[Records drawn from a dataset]
+---+

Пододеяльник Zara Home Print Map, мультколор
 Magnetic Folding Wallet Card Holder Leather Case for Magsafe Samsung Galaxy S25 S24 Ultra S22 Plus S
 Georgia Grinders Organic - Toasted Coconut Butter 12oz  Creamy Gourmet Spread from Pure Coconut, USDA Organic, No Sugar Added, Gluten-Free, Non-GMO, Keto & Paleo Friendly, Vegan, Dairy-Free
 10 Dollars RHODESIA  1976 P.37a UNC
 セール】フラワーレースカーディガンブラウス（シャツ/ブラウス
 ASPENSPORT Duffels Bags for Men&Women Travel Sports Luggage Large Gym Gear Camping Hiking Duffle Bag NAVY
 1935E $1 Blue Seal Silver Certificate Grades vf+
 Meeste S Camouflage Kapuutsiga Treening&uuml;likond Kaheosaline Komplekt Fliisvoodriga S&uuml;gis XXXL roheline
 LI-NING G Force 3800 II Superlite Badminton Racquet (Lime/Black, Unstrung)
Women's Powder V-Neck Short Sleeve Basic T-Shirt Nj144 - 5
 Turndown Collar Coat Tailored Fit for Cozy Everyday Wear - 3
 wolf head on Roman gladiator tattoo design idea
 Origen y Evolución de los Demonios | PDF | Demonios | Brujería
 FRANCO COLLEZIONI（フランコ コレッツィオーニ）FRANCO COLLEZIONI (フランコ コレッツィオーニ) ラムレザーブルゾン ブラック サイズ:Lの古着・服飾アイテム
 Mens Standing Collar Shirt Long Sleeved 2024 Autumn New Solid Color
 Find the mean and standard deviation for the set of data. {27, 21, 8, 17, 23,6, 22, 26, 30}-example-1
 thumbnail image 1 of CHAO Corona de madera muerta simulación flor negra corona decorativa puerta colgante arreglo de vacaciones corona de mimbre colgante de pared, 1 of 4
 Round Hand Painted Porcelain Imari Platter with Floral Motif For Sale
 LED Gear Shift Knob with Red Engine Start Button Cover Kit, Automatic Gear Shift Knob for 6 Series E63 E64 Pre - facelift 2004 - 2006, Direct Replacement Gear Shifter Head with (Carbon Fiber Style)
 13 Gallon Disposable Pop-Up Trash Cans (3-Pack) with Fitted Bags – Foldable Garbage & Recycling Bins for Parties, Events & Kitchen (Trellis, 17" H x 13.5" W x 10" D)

+---+

[Problem description] Your task is to retype the entries verbatim, starting with the line that holds "1935E $1 Blue" and stopping after the line that holds "FRANCO COLLEZIONI（フランコ コレッツィオーニ）FRANCO".

[Response area]
 1935E $1 Blue Seal Silver Certificate Grades vf+
 Meeste S Camouflage Kapuutsiga Treening&uuml;likond Kaheosaline Komplekt Fliisvoodriga S&uuml;gis XXXL roheline
 LI-NING G Force 3800 II Superlite Badminton Racquet (Lime/Black, Unstrung)
Women's Powder V-Neck Short Sleeve Basic T-Shirt Nj144 - 5
 Turndown Collar Coat Tailored Fit for Cozy Everyday Wear - 3
 wolf head on Roman gladiator tattoo design idea
 Origen y Evolución de los Demonios | PDF | Demonios | Brujería
 FRANCO COLLEZIONI（フランコ コレッツィオーニ）FRANCO COLLEZIONI (フランコ コレッツィオーニ) ラムレザーブルゾン ブラック サイズ:Lの古着・服飾アイテム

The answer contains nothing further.